In truth I was making a very broad comment, triggered more by a speaker on western Loudoun schools earlier in the evening (who was still sitting in the room) than at the NAACP who spoke nearly a month before. I do not recall the NAACP speakers alleging intentional discrimination, but if they had my response would be the same. This Administration and this Board are made up of people trying hard to do the right thing. They aren't perfect, and they can't do everything they wish to do. But starting with a recognition that we're all in this together, doing our best, is the best way to begin a discussion of how to solve a problem.

Friday, September 14, 2007

Back to School Before Labor Day?

LCPS published its proposed 2008-2009 school calendar this week and is currently seeking comments. Among the highlights:

  • School would start on Tuesday, September 2nd, after Labor Day.
  • School would end on Friday, June 19th.
  • There are two full weeks for winter break
  • Spring Break comes in the second week of April
The comments we have received so far are about the desire to finish school earlier in June, and a willingness to start prior to Labor Day. Unfortunately the state legislature doesn't see it that way. In Section 22.1-79.1 of the Code of Virginia, it states that no school may open prior to labor day unless it has had lots of snow days in the previous 10 years or is embarking on an innovative new instructional program.

Curiously, it also allows for a 4-day-a-week school schedule.

Please let me know your thoughts on this proposed calendar.

Tuesday, July 3, 2007

Textbooks Available for Review

Did you think that the work of education stops just because it's summertime? LCPS yesterday gave citizens two weeks to review new textbooks being considered. Read the story.

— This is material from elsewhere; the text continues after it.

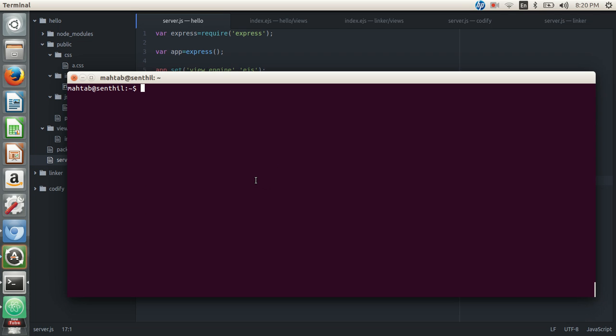Now let's see how to do that using Apache. I'm running an Ubuntu 14.04 system and I already have Apache installed. If you don't have it, just run 'sudo apt-get update' to update the repositories and then 'sudo apt-get install apache2' — that's it.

You have the opportunity to see what our kids will be learning in:

  • the elementary music program
  • the middle school health and physical education program
  • the high school health & physical education
  • high school driver education
I have to admit that I'm not a fan of textbooks. I'm a child of the digital age. My guess is that these very expensive textbooks have one big advantage in that they ensure standardization. So for instance, the kids at Loudoun Valley HS in Purcellville have the same resources and are taught the same facts as the kids at Dominion HS in Sugarland Run.